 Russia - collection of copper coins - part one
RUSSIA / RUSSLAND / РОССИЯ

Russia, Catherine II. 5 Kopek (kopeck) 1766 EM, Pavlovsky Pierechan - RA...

------------------------------

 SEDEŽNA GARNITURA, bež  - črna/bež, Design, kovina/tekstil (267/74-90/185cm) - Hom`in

------------------------------

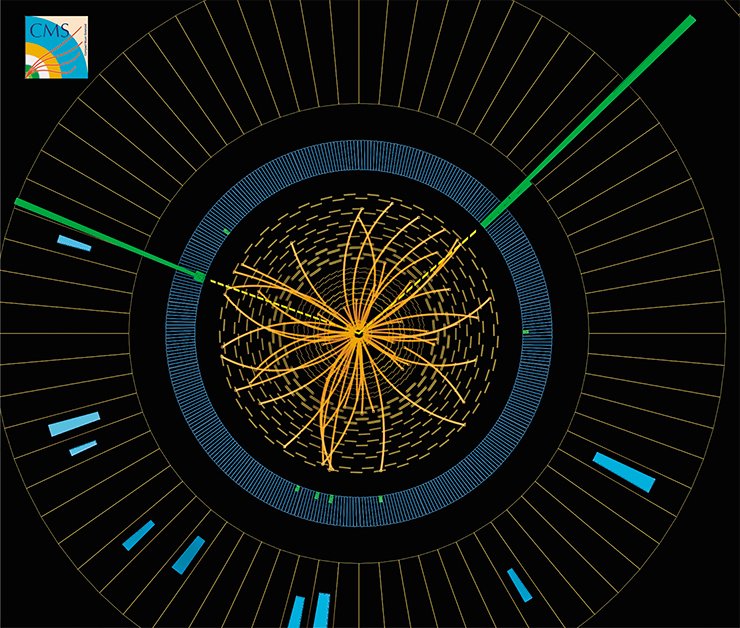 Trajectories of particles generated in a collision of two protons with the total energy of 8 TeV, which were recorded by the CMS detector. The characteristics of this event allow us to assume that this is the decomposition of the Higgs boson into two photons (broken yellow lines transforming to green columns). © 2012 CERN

------------------------------

Work item
Reproduce, word for word and in full, only the lines above that start at the line with "Russia - collection" and run through the line with "Russia, Catherine II.", both ends included.

Solution for this task
 Russia - collection of copper coins - part one
RUSSIA / RUSSLAND / РОССИЯ

Russia, Catherine II. 5 Kopek (kopeck) 1766 EM, Pavlovsky Pierechan - RA...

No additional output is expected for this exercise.